Più pertinente in questo contesto è ripercorrere le tappe della sua entrata nella leggenda di cui il cippo di Bonavilla – rustico monumento di appropriazione del luogo della morte del Beato - è un significativo tassello. Interpretata la sua morte come martirio per la libertas ecclesiae (non senza accostamenti a san Lorenzo e a san Tommaso Becket), sull’onda di una devozione che presto vide fiorire miracoli intorno alla sua tomba, Bertrando fu trasfigurato da un’agiografia tanto sincera che strumentale, se il principale promotore della sua santificazione fu l’immediato successore Niccolò di Lussemburgo.

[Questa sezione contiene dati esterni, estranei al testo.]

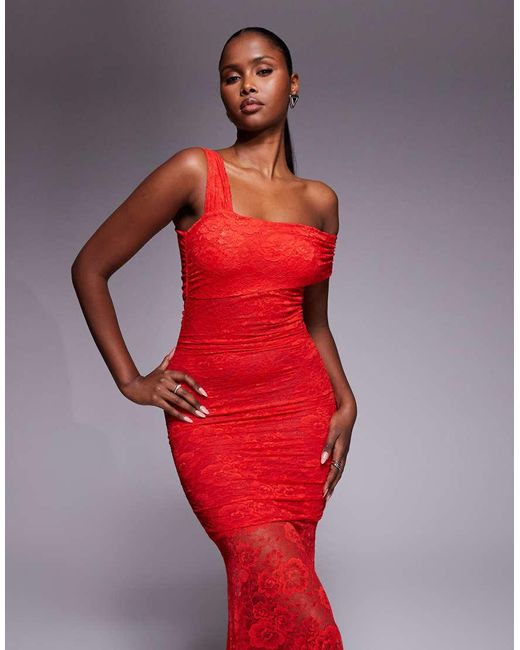Kaiia Red Exclusive Double Laye Slinky Lace Asymmetric One Shoulder Sheer Hem Maxi Dress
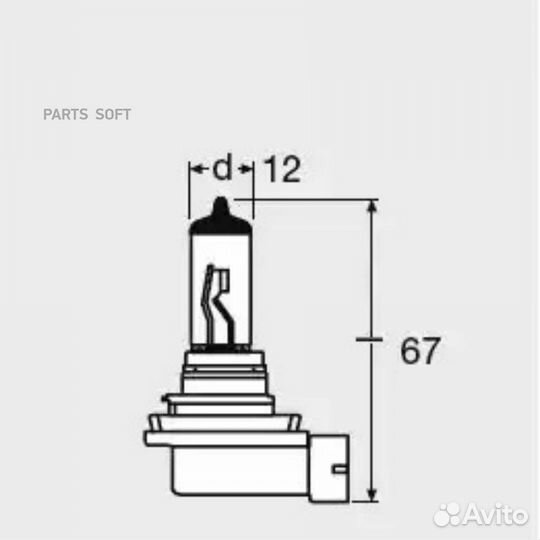 Лампа г/с H11 (55W) PGJ19-2 блистер 12V 64211-01B 4008321171252 osram 6421101B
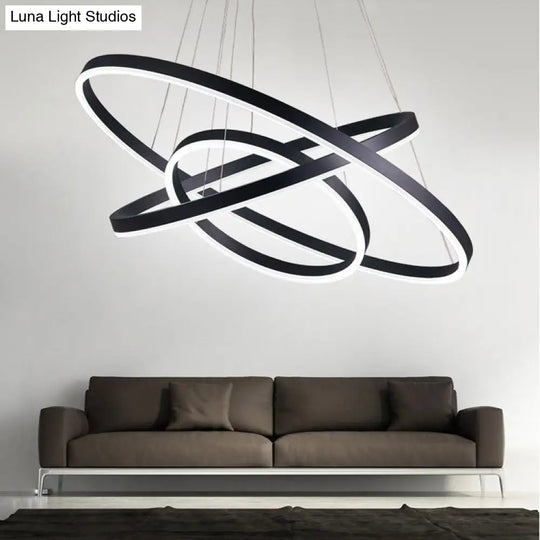 Modern Black Chandelier With Acrylic Shade - 1/2/3-Ring Living Room Ceiling Light In Warm/White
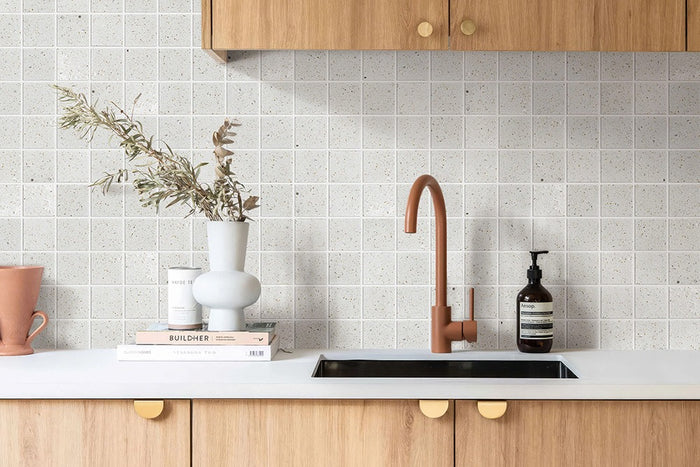 Kazoku Hatsu Square Hand Glazed Japanese Mosaic in White, Gloss finish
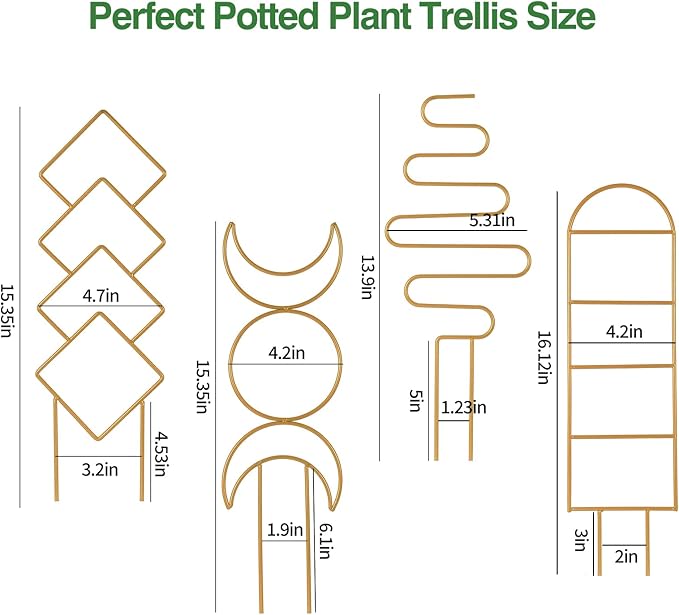 Indoor Plant Trellis for Potted Plants, 16inch Gold Small Trellis for Climbing Plants Outdoor Garden Metal Trellis with Different Patterns for Vine Ivy Flower Plant Support 4 Pack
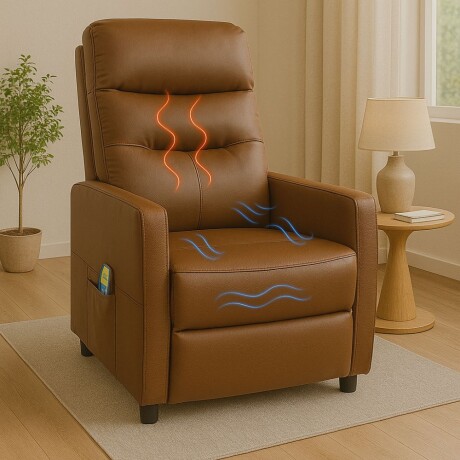 Sillon reclinable 1 cuerpo con masajeador y calefaccion - Marrón Sillon reclinable 1 cuerpo con masajeador y calefaccion - Marrón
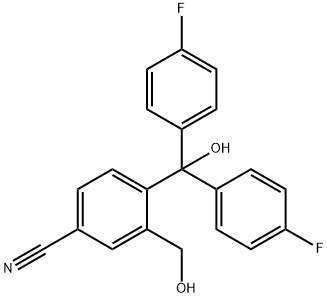 4-(双(4-氟苯基)(羟甲基))-3-(羟甲基)苯甲氰 结构式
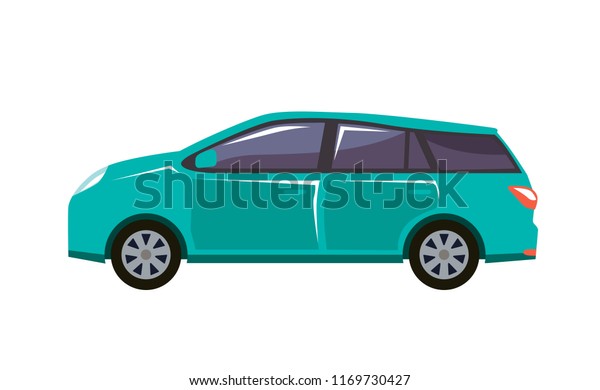 vectorial image
of car in blue with tinted
windows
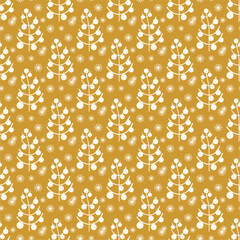 Seamless season winter Christmas and New Year pattern print wallpaper vector illustration with Christmas trees december holiday ornament simple and beautiful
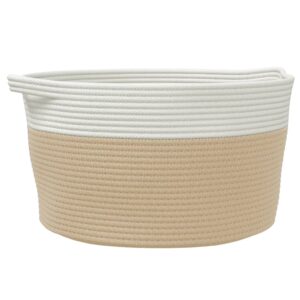 Aufbewahrungskorb Weiß und Beige aus Baumwolle 40 x 25 cm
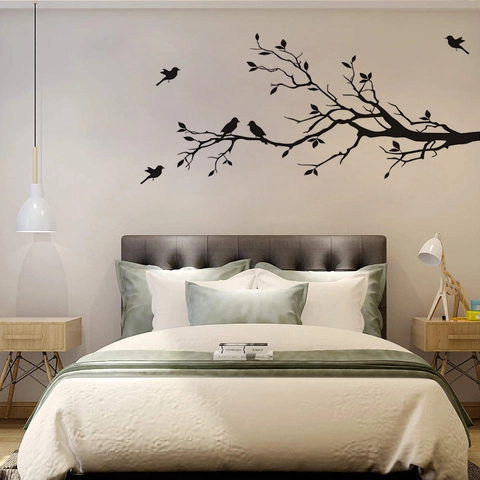 Minimalistischer Schwarzer Zweig Vögel Wandtattoo PVC Selbstklebend Abnehmbare Vinyl Aufkleber Für Wohnzimmer Schlafzimmer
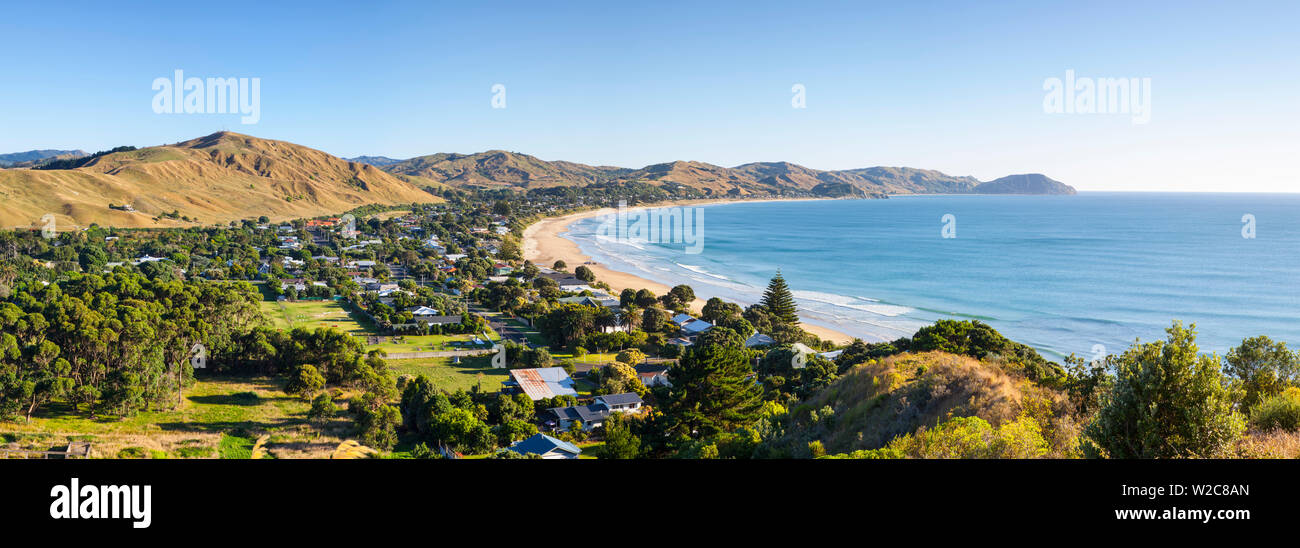 Elevated view over Wainui Beach, Gisborne, East Cape, North Island, New Zealand Stock Photo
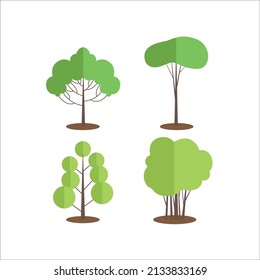 Plantas verdes planas plantas de naturaleza formas de forma limpia colección vectorial ilustración aislada árbol vegetal entorno de naturaleza verde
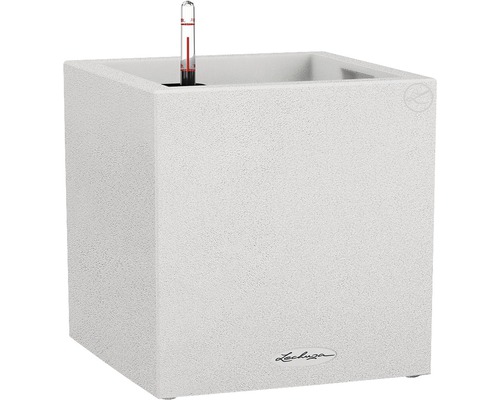 Čtvercový květináč se zavlažovacím systémem a ukazatelem hladiny vody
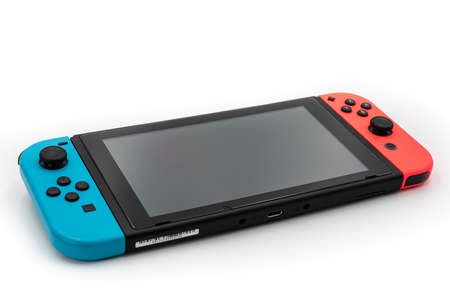 Fukuoka, Japan - June 23, 2019: Nintendo Switch portable console isolated on white backgroundのeditorial素材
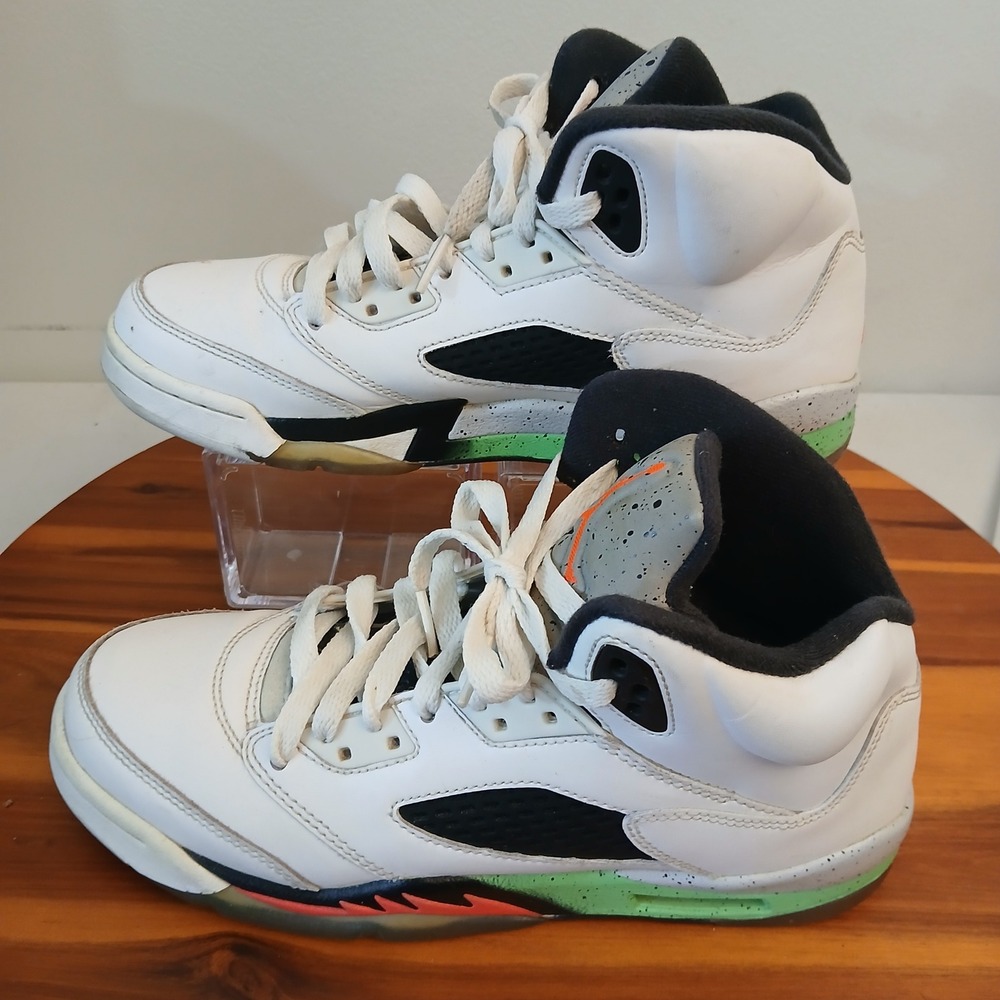 Jordan 5 Retro Poison Green GS Kids 7Y White Shoes Sneakers 440888-115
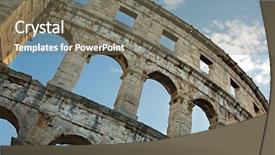  Presentation with roman theatre - Colorful theme enhanced with pula arena ancient roman amphithetre backdrop and a violet colored foreground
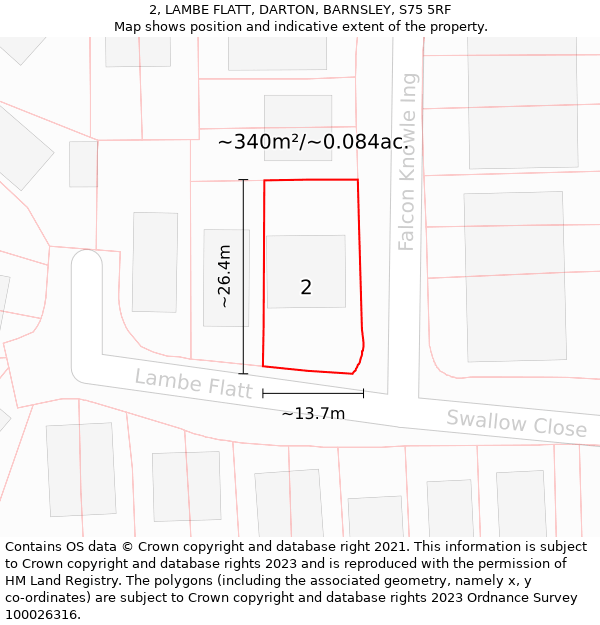 2, LAMBE FLATT, DARTON, BARNSLEY, S75 5RF: Plot and title map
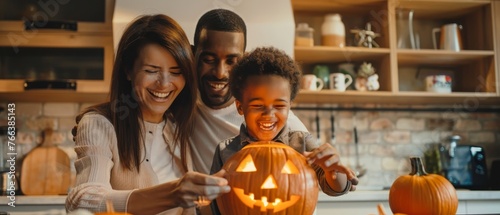 An ethnically diverse family with a smiling son creates jack o lanterns from pumpkins while celebrating Halloween in the kitchen.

Nella memoria collettiva, nell’immaginario popolare, il formidabile principe fu sostituito dal pio pastore, dal martire, dal taumaturgo, utile a consolidare l’incerto potere del nuovo patriarca e a vieppiù giustificare la micidiale rappresaglia nei confronti degli uccisori del “martire” e dei loro complici.

Sepolto dapprima sotto una lastra terragna davanti all’altare maggiore della cattedrale di Udine, nel 1353 il suo corpo trovato incorrotto fu collocato (ma si dovettero tagliare i piedi) nella splendida arca marmorea che egli stesso aveva destinato alle presunte spoglie di Ermacora e Fortunato: sostituzione/identificazione di forte carica simbolica. E Bertrando, i cui abiti insanguinati s’erano dimostrati reliquie miracolose, già era dichiarato santo dalla vox populi.

E i Veneziani, entrando in Udine, non mancarono di legittimare la dedizione della città come provvidenziale e dovuta all’intercessione del santo del cui martirio proprio quel giorno cadeva l’anniversario; fu poi il patriarca Francesco Barbaro, alla fine del Cinquecento, il primo a chiedere a Clemente VII di autorizzare il culto del beato, allora più che mai connotato come vescovo esemplare, secondo il modello di santità impersonato all’epoca da Carlo Borromeo. A metà del Settecento, in occasione dell’erezione dei vescovadi di Udine e Gorizia, la richiesta di approvazione canonica del culto (che fu concessa da Benedetto XIV nel 1756, ma senza riconoscere il martirio) coincise col radicarsi del mito della friulanità di Bertrando, ad opera soprattutto del canonico udinese Francesco Florio che nella sua vana lotta per mantenere in vita il Patriarcato fece di lui un campione dell’autonomia aquileiese.

Mito che perdura, ad esempio nel simbolo della Camera di commercio di Udine, in cui figura il patriarca: il che, osserva Andrea Tilatti nella sua misurata demitizzazione di Bertrando «può combaciare con la solerzia che Bertrando storicamente mostrò per la tutela dei traffici (lottando contro alcuni friulani dalla “testa dura”), ma di sicuro sottintende lo scopo di rifarsi a una personalità avvertita come schiettamente udinese e friulana».

E non mancano – aggiungo io - i segnali di altre appropriazioni, ideologiche e politiche, a riprova del fascino che la figura del grande patriarca francese ancora esercita, sì che ad essa ancora si ricorre, a proposito o a sproposito.